The Rohu PeptideAtlas built is dynamic and can be updated whenever a new proteomics dataset is generated in-house or get uploaded in the public repositories such as PRIDE, MASSIVE42 etc. The data repository in PeptideAtlas, TPP output files (.pepXML) used for generating PeptideAtlas and the results from PeptideAtlas can be used for generating spectral library using SpectraST, an integrated tool in TPP package. Spectral libraries are new generation peptide database with experimentally identified spectra used for the accurate and precise identification/quantification of peptides/proteins in DIA/SWATH analysis or for SRM/MRM data analysis.

Best resource for Proteogenomic analysis and annotation

Accurate annotation of the genome is still a challenging task despite availability of advanced technology and algorithms. Integration of high-resolution mass spectrometry along with genomic data would improve the gene annotations.

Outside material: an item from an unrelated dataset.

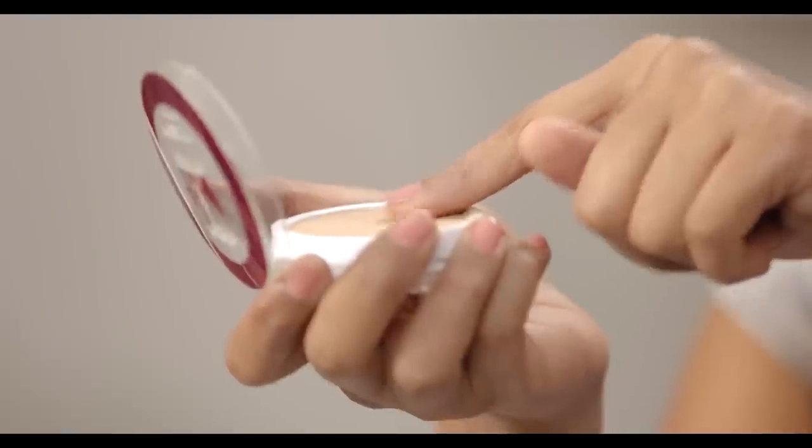The most important thing about Compact, just like foundation, is choosing the right shade. You should swatch it on your jawline to see if it blends in with your natural skin tone. You can go slightly darker but not too dark, otherwise you will end up looking really orange or patchy, which is just not what you want. For my chocolate skin tone, the amber shade from L'Oreal Matte Magic suits me really well.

Rohu genome was sequenced recently and the preliminary annotations are available with no curation and it also contains several hypothetical proteins and pseudogenes14. Currently, in the UniProt database of Labeo rohita, only two proteins are reviewed which have protein evidence (PE) level 2 i.e., experimental evidence at transcript level. However, none of the protein has PE level 1 that represents the protein level evidence. The current dataset can help the UniProt curators, by providing the mass spectrometric based protein level evidence for the existence of Labeo rohita proteome. It has been reported that gene annotation can be improved with the help of mass spectrometric data43,44. Tanner et al. utilised the tandem mass spectra from human peptides and validated 11,000 introns and 39,000 exons at translation level along with identification of novel exons and splicing events45. In a similar manner, the peptide dataset provided in Rohu PeptideAtlas could help to improve the genome annotations and may provide evidence for pseudogenes, alternative splicing events, extended exons and hypothetical proteins.